At 934 meters above sea level at Poggio all'Aia, Mount Morello is the only relief resembling a mountain in the wide basin of the Florentine territory, between the municipalities of Sesto, Calenzano and Vaglia.
Known to the Romans as Mons Maurillus, we find it with this same name in a document dating back to 790, to the Lombard age, the origin of which, however, we do not know: it could be the name of an ancient landowner in the area, or an indication that in the past it was rich in ancient fir trees.
Today its slopes are rich in oaks, chestnut trees, black pines, cypresses, and white firs, which are home to a varied wild fauna with numerous wild boar, deer, and wolves. Because of its environmental and scenic importance, it is in fact an area of regional interest.
Its shape is rather peculiar because it has three peaks of different altitudes (Poggio all'Aia 934 meters, Poggio Casaccia 921 meters and Poggio Cornacchiaia 896 meters), from which you can enjoy splendid views of the plains around Florence and Prato, but also of the nearby Mugello and the Tuscan-Emilian Apennines. The best scenic view is probably the one from the summit of Poggio Casaccia, which looks out toward Florence and on clear days allows for glimpses of the great Dome of the Cathedral.

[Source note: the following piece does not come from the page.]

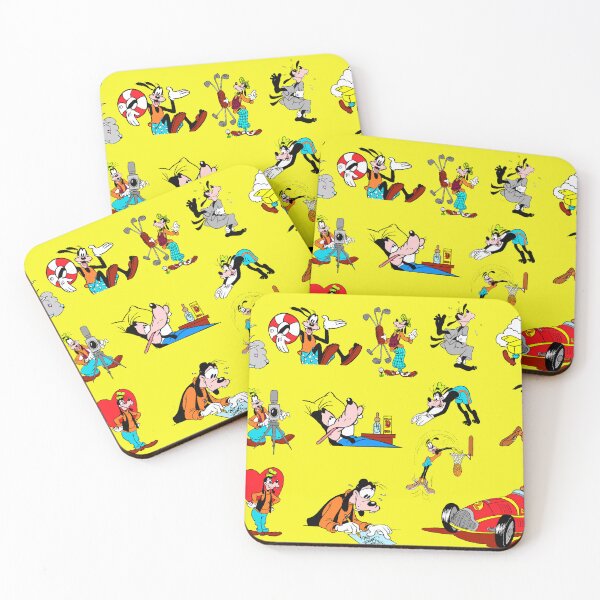 Item preview, Goofy: Be Mine designed and sold by Maskan.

It is a popular destination for trekkers and cyclists thanks to the many marked trails suitable for all levels of physical fitness. What's more, it is a popular destination in the summer for those looking for some cool air and relaxation not far from the city.

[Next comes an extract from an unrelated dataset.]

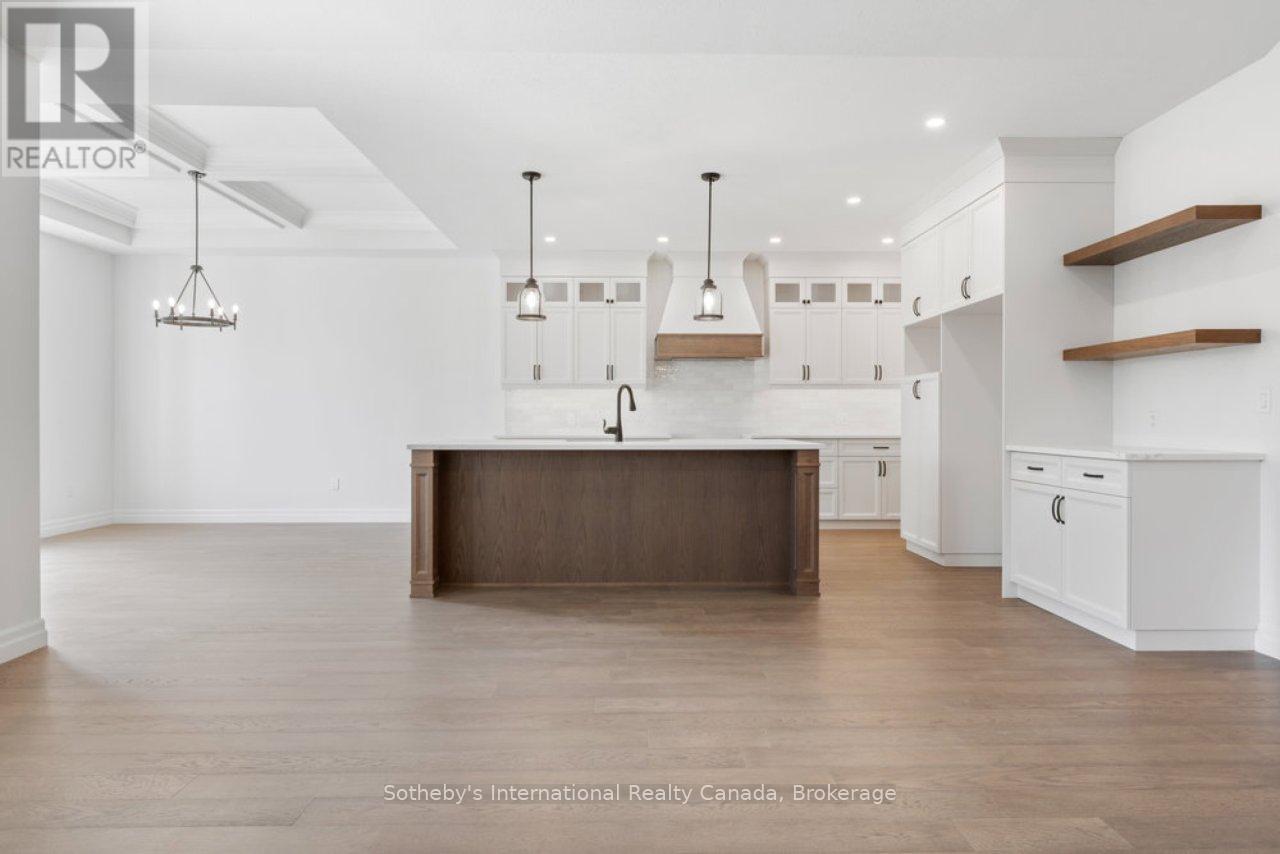 77 Cedar Street, Brant, Ontario  N3L 4G1 - Photo 2 - X12554850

The territory of Mount Morello is also rich in numerous places of interest, linked to its millennial history such as the Parish Church of Sant'Andrea in Cercina, a small Romanesque church that houses valuable works of art and a revered wooden statue depicting a Madonna with Child. Some plaques, on the other hand, remind us of more recent history, when during World War II it was the scene of clashes between partisans and Nazi-Fascists.